--- The data Enclosed Below ---
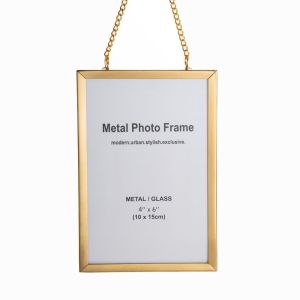 METAL HANGING PHOTO FRAME WITH GOLD CHAIN 10X15CM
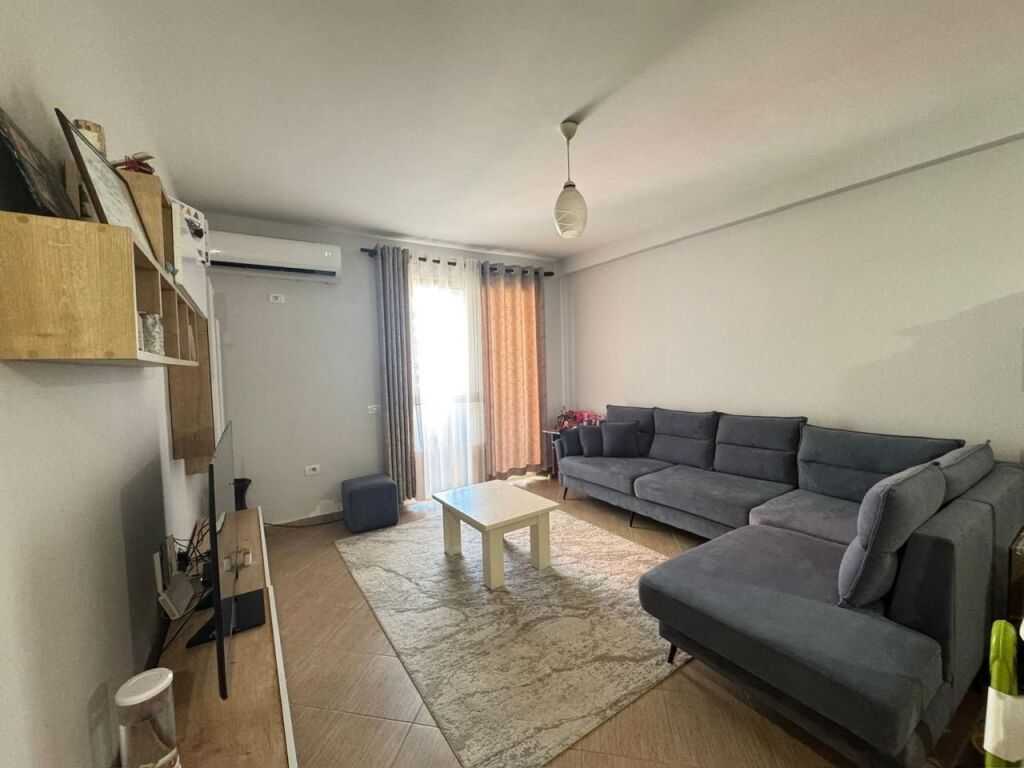 Shitet Apartament 2+1 në Yzberisht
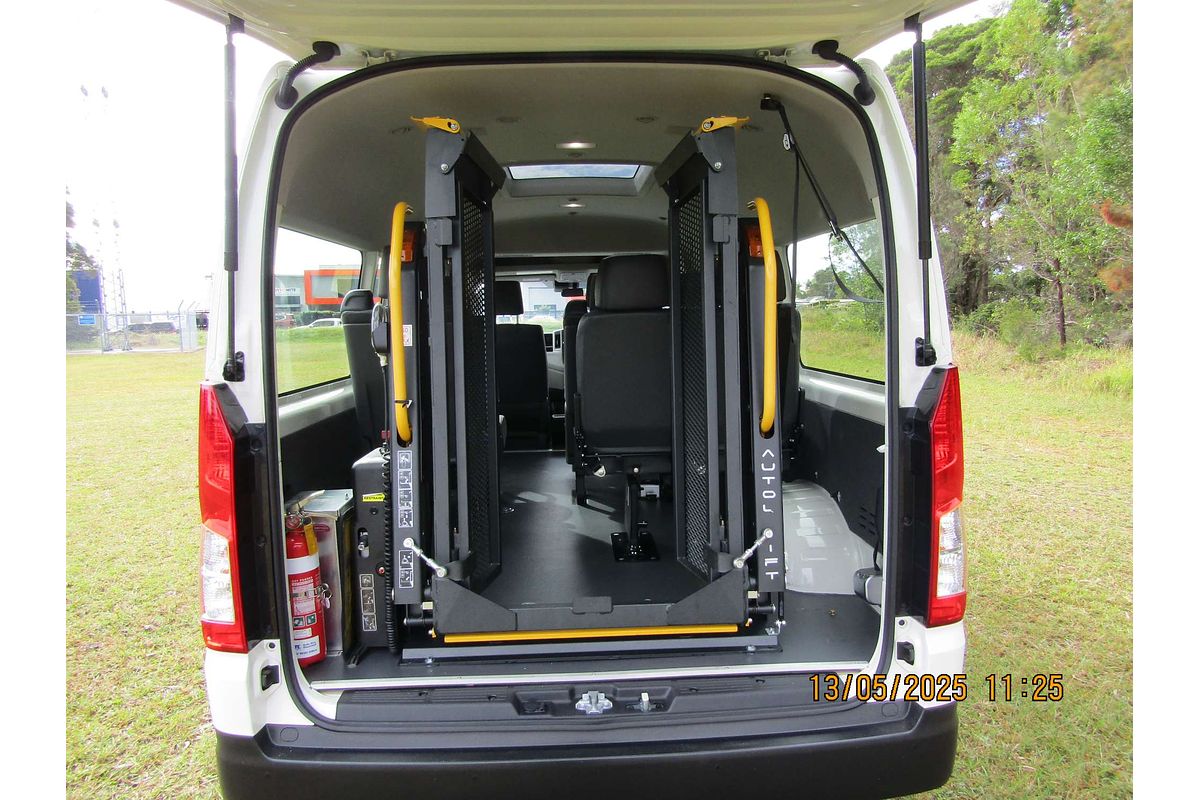 2021 Toyota Hiace Commuter GDH322R
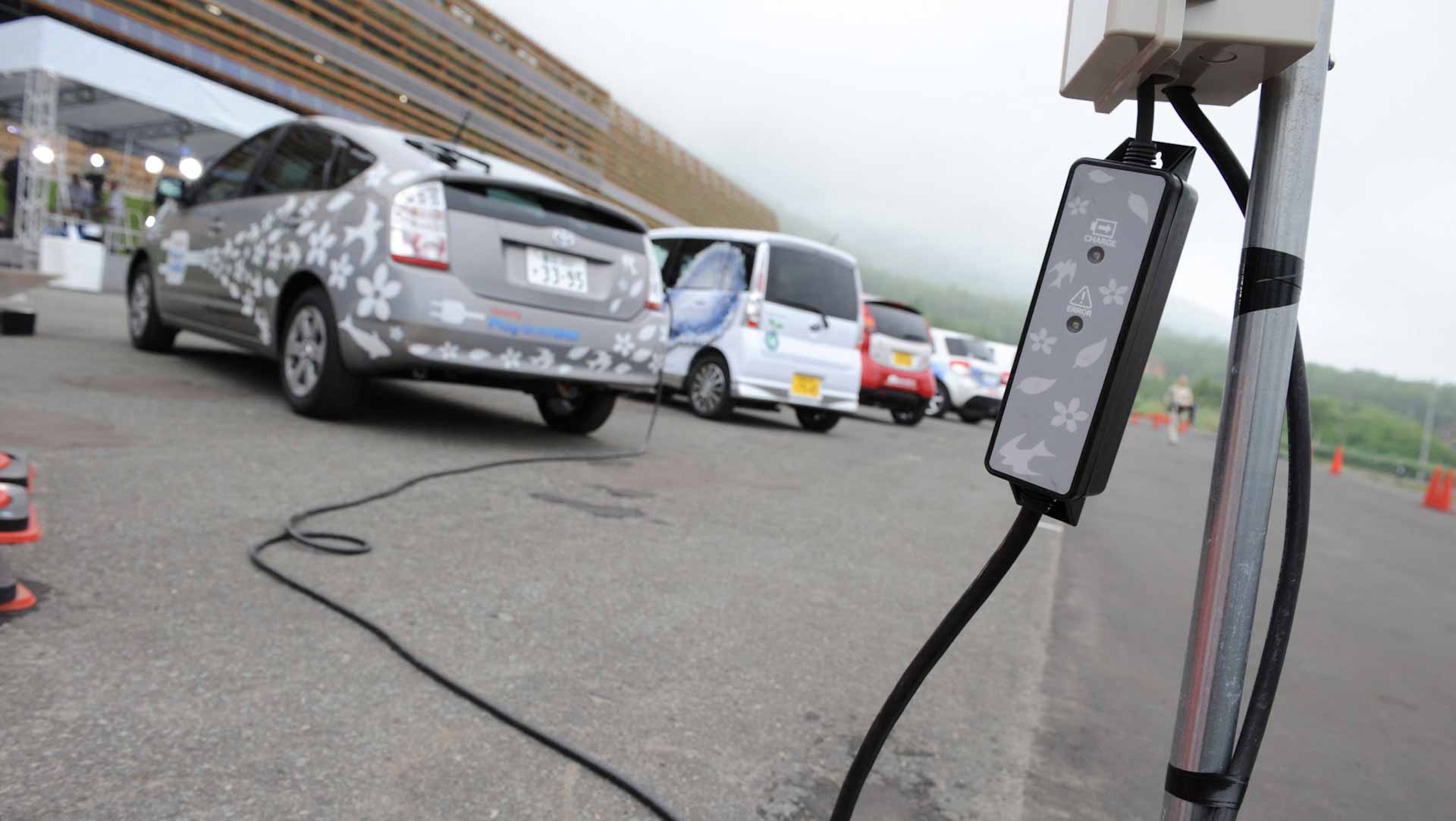 Image for the title: German auto giants place their bets on hydrogen cars 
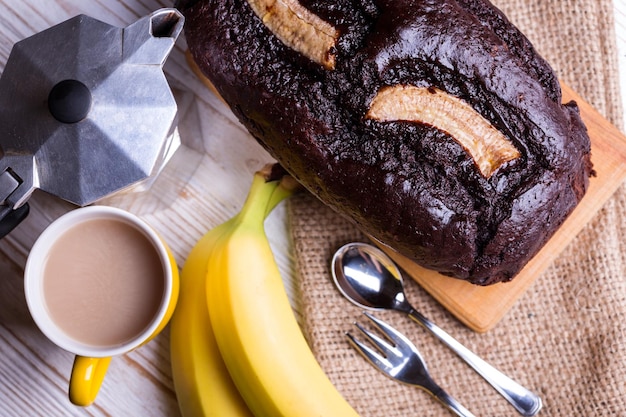 Foto pão de banana e café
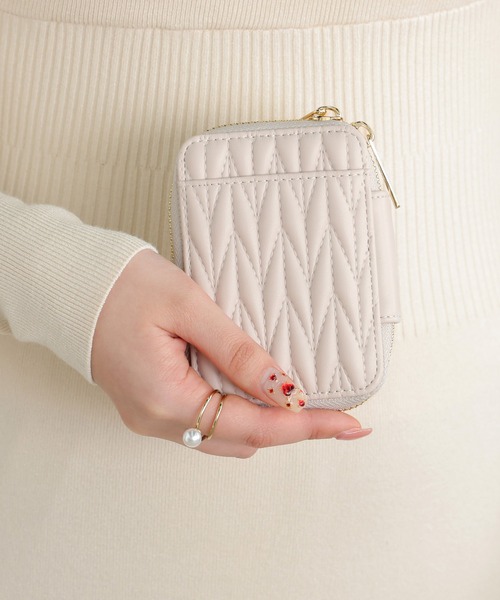 ALTROSE（アルトローズ）の「ダブルスマートキー キーケース スマートキー カードケース ロージア（キーケース/キーアクセサリー・レディース・ブラック/アイボリー/グレイッシュベージュ/ピンク/ブルー・FREE）」の6枚目の写真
--- End of Enclosed The data ---
• How to complete this task:
Restate only the lines running from the start of the material above through the line containing "Foto pão de banana e café", ends included. No pictures.

• Answer space:
 METAL HANGING PHOTO FRAME WITH GOLD CHAIN 10X15CM
 Shitet Apartament 2+1 në Yzberisht
 2021 Toyota Hiace Commuter GDH322R
 Image for the title: German auto giants place their bets on hydrogen cars 
 Foto pão de banana e café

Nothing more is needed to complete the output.